Every line of the data that includes "Shirt" should be copied out.

→ Extracted data
============
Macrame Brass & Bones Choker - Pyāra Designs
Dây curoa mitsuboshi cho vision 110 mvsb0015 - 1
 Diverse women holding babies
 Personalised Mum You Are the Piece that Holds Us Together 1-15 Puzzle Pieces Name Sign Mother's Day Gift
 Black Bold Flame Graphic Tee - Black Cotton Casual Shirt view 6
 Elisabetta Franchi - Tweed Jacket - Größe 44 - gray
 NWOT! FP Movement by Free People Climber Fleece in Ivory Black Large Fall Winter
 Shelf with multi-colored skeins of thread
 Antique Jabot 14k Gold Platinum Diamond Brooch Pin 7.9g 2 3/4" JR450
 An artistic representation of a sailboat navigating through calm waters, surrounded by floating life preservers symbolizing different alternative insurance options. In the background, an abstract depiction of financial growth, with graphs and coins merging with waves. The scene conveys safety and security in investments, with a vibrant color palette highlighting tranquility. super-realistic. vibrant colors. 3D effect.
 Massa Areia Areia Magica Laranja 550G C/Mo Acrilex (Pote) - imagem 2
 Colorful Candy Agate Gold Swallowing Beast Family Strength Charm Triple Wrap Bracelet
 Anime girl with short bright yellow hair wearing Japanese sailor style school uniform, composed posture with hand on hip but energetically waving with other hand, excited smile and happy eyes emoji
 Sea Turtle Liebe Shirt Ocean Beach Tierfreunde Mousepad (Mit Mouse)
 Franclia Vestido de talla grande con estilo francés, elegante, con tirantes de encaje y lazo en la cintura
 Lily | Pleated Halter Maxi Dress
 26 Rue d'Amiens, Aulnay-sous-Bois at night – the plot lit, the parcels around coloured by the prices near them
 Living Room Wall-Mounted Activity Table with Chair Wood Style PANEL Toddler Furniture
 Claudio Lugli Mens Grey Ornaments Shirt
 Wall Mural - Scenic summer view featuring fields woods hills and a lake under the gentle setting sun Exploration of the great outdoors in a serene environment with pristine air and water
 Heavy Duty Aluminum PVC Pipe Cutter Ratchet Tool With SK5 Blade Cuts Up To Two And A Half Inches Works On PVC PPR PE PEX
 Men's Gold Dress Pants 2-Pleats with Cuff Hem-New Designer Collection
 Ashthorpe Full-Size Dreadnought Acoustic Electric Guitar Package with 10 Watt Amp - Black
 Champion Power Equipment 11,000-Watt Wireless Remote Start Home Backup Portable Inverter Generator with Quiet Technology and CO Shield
============
→ Response to this exercise
 Black Bold Flame Graphic Tee - Black Cotton Casual Shirt view 6
 Sea Turtle Liebe Shirt Ocean Beach Tierfreunde Mousepad (Mit Mouse)
 Claudio Lugli Mens Grey Ornaments Shirt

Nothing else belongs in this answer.